ICANN75, un sommet dense avant la conférence plénipotentiaire de l’UIT

ICANN75

A peine trois mois après le sommet ICANN74 à la Haye, c’est celui de Kuala Lumpur, 75ième édition, qui vient de se tenir. Un second sommet en mode hybride, un mix de présentiel et de distanciel qui revendique près de 2000 participants de 112 pays dont 60% étaient présents sur place. A deux semaines de la désignation particulièrement importante d’un nouveau secrétaire général à la tête de l’Union Internationale des Télécoms, le pendant technique de l’ICANN, l’ICANN a proposé un sommet dense. NAMESHIELD fait le point.
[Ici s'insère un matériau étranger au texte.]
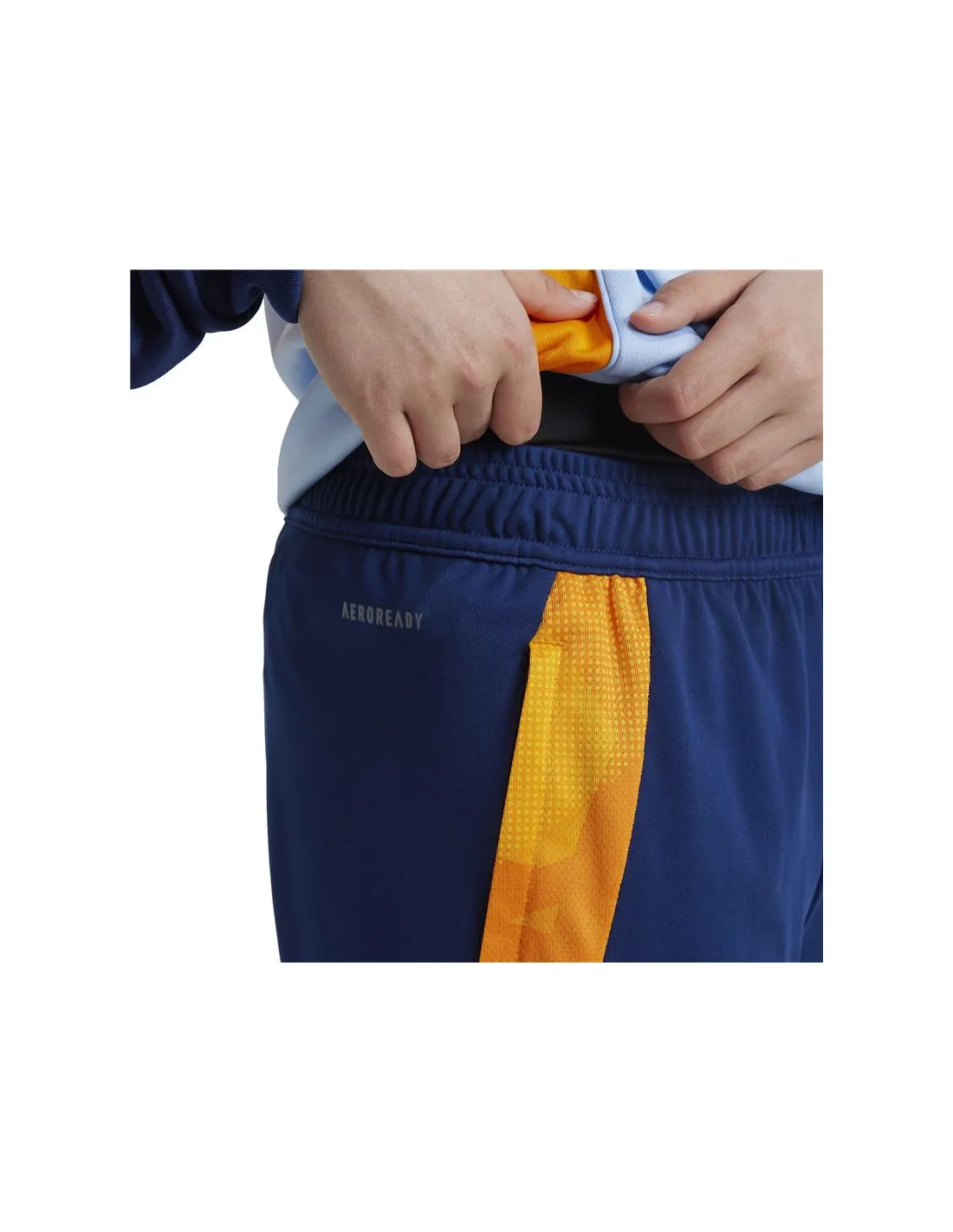 PREVENTA  Pantalones de Fútbol adidas Real Madrid 24/25 Training Infantil Azul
La sensible désignation d’un nouveau secrétaire général à la tête de l’UIT

Lors de la traditionnelle cérémonie d’ouverture du sommet ICANN75, Goran Marby, l’actuel patron de l’organisation a indiqué « Il faut que l’ICANN puisse continuer sa mission pour un Internet unique ». Cette remarque faisait référence à des craintes liées à la prochaine désignation d’un nouveau secrétaire général à la tête de l’UIT, l’agence des Nations unies en charge de la réglementation et de la planification des télécommunications dans le monde. Après deux mandats, l’actuel secrétaire, le chinois Houlin Zhao, va en effet céder sa place à l’un des deux candidats en lice pour lui succéder : Doreen BOGDAN-MARTIN, une américaine ou Rashid ISMAILOV, un russe. Deux candidats et deux visions différentes des modèles de gouvernance comme l’indique Goran Marby :  «L’un des candidats veut que le transfert de compétences de l’IETF (NDLR : l’Internet Engineering Task Force élabore et promeut des standards Internet) et de l’ICANN aille vers l’ONU ». Lors d’une autre session de questions-réponses avec le Board ICANN, cette élection s’est encore invitée dans les échanges puisqu’il a été question des risques accrus de fragmentation du DNS et du système d’identifiants unique si les missions de l’ICANN sont confiées aux Etats. Plus tard dans la semaine à l’occasion d’une session croisée entre le Board ICANN et le GAC, l’instance des gouvernements, c’est le représentant russe du GAC qui a profité d’une prise de parole pour répondre en russe aux propos initiaux de Goran Marby en cherchant à convaincre les participants que le candidat russe ne souhaite pas démanteler l’internet. Pour mieux étayer ses propos il a communiqué le programme du candidat. Les choses se sont apaisées à la fin de l’ICANN75 lors du traditionnel forum public, dont on pourra regretter qu’il n’a duré qu’une petite heure, un forum où une nouvelle fois le représentant russe du GAC a cette fois pris la parole en anglais indiquant que la Russie n’est pas contre le modèle de gouvernance de l’Internet et qu’il fallait veiller à refléter la position russe avec exactitude.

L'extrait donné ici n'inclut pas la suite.